Argentina is ripe for exploitation of wind, solar and biomass with exceptional resources in relation to wind energy. Global experience indicates that with average winds of 5m/s or higher it is feasible to deliver good returns in wind power generation. About 70 per cent of Argentina’s territory enjoys winds with an average speed of 6m/s or more, while in areas of Patagonia they can exceed 9m/s. Argentina has the foundation to become a regional leader in the use of this technology.

Diagram 1

Source: Undersecretariat of Renewable Energy, Ministry of Energy and Mining, Government of Argentina

According to Wind Energy Market Intelligence, Argentina had 22 operational wind farms spread across the country by September 2016. The total wind generation capacity installed in Argentina is only 279MW. However, out of the 6,000MW in proposals received during the first RenovAr tender, wind projects totalled an impressive amount of 3,468MW.
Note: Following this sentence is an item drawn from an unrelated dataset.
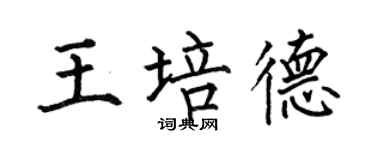 何伯昌王培德楷書個性簽名怎么寫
Argentina also has strong solar resources, especially in the north western region. This region was the proposed location for over 1,800MW of proposals during the first RenovAr tender.

Biomass and waste-to-energy in Argentina have long been overlooked. Argentina’s varied environmental ecosystems fuel the growth of diverse crops (including soy), which creates potential for biomass energy. Studies have shown much of the six million tonnes annual forestry waste in Argentina could be used to generate electricity. In 2013, the government created the ‘PROBIOMASA’ program, which aims to boost production, management and sustainable use of biomass for energy purposes. The PROBIOMASA program has targeted the generation of 400 thermal MW by 2016 and seeks to eventually convert 12 million metric tons of agriculture-related biomass annually. The PROBIOMASA program will need approximately US$750 million in funding.

Obstacles/challenges

Source: Undersecretariat of Renewable Energy, Ministry of Energy and Mining, Government of Argentina

Since the default of the Argentinian government in 2001 in relation to sovereign bonds, Argentina has found it difficult to attract international investment. However, China has emerged as a willing financer with the China Development Bank as an active player in renewable energy projects in Argentina. Whilst Chinese banks can offer competitive interest rates and willingness to finance projects in Argentina, the money typically also comes with conditions, such as the use of Chinese equipment and contractors.

According to the Argentine Chamber of Renewable Energy, one of the principal obstacles for profitable exploitation of renewable energy sources remains assured power prices over a suitable duration of the project and effective enforcement of tariffs awarded under the PPAs. Power prices have been significantly adjusted by the current administration of President Mauricio Macri in an effort to attract and offer comfort to foreign investors. Macri’s administration’s effort is complemented with the creation of FODER which provides an effective guarantee for the enforcement of tariffs awarded under the PPAs and more importantly, PPA termination payments.

Diagram 2

The future

The country’s relatively high cost of debt, and low availability of local and foreign capital, make it difficult for project developers to secure financing. However, results on RenovAr’s first tender were a pleasant surprise for many sceptical observers. According to many commentators, they expect the government to seize this momentum by increasing the offered MWs under the first tender or accelerate the second tender. However, future tenders under the RenovAr program will receive active participation only if the first round of projects progress satisfactorily and the tariffs obtain remain competitive for financiers.

Macri’s administration has sought to set out a clear path to change foreign investors’ views on Argentina. The government has initiated negotiations to improve the country’s credit rating. S&P was one of the first agencies to react to Macri’s policies by raising the country’s rating from CCC+ to B-. In real terms Argentina is now (for the first time in over a decade) out of default and has lifted the currency control regime implemented by the previous administration. If the current policies are maintained and the government assures long term regulatory consistency, Argentina’s renewable energy sector could become a top destination for foreign investment.